# Tax Relief



## MaidenScotland (Jun 6, 2009)

Ever since the 2009 budget, owners of holiday rental homes in Europe have been granted the same tax breaks that apply to UK based property lets.

This is due to end on the 5th of April 2011. There are several conditions and it is imperative to get professional advice, but the tax breaks can be substantial.

Furnished rental properties
Owners of furnished rental properties, generating a declarable income, are given various tax advantages. Individuals are able to offset any trading losses from these properties against their other income.

If your expenses, for example, including mortgage interest rates, are greater than the income generated by renting the property, this loss can be offset against other UK tax paid income, thereby generating tax refunds.

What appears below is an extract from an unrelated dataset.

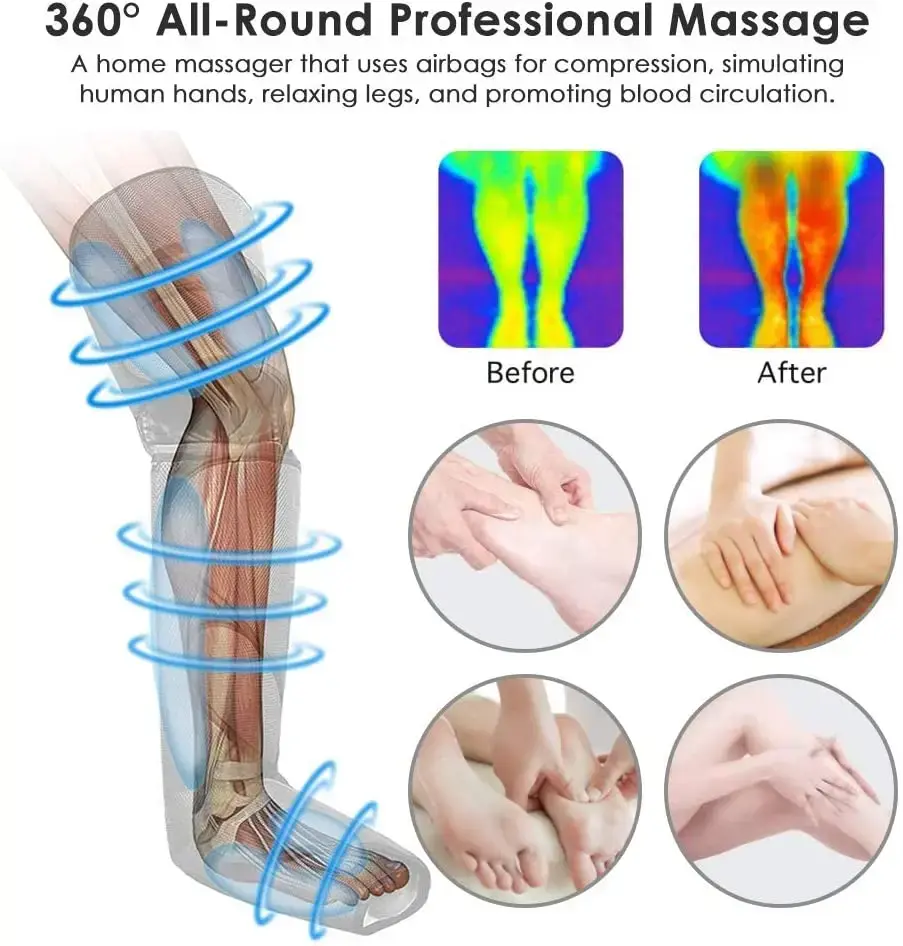 Thumbnail: Foot Air Pressure Leg Massager Promotes Blood Circulation, Body Massager,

Conversely, this loss can be projected forward and offset against future rental profits, thus avoiding future income tax.

A good chartered accountant will also be able to further enhance these losses by claiming ‘Capital Allowances,’ by undertaking a furnished holiday letting capital allowance survey, this would further maximise the tax benefit.

Amongst the conditions are;

You need to be a UK taxpayer receiving an income – whether throughout employment or pension.
To be an owner of a furnished property (in the EEC) which is available to let for a minimum of twenty weeks a year.
The property needs to have been rented for at least ten weeks in the last year.
You also need to be able to confirm that the property has not been let continually to the same person for more than thirty-one days.
One important point is the tax relief is applied retrospectively – meaning that you can claim the tax relief on properties (even if they have since been sold) going as far back as 2007. Interest is even payable on the tax refund.


I had this sent to me through today and thought I would pass it on...


----------